Write out the data again exactly, skipping every picture.

**Stored data**
· · · · · · ·

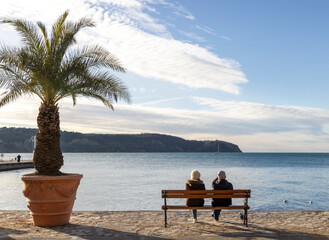 Older couple sitting by the sea and looking at the horizon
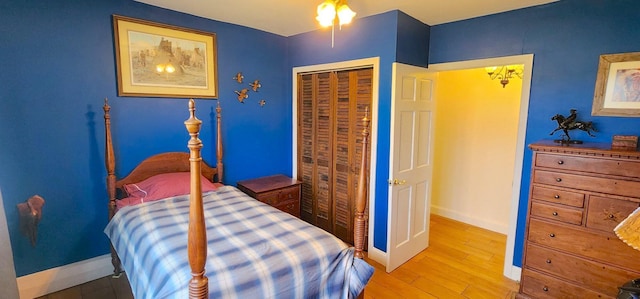 281 Cross Rd, Washburn, ME 04786 - bedroom featuring baseboards, wood finished floors, and a closet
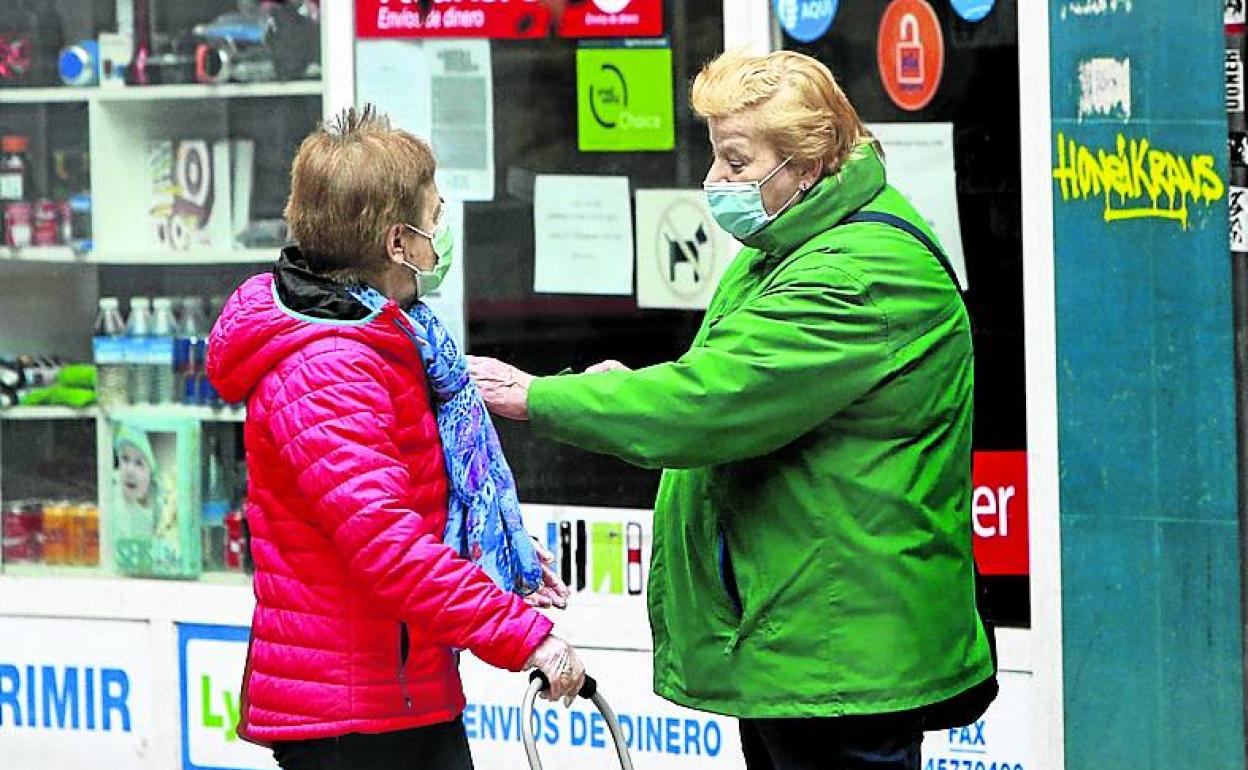 Dos mujeres ajenas al artículo hablan en la calle.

· · · · · · ·

**Exercise result**
 Older couple sitting by the sea and looking at the horizon
 281 Cross Rd, Washburn, ME 04786 - bedroom featuring baseboards, wood finished floors, and a closet
 Dos mujeres ajenas al artículo hablan en la calle.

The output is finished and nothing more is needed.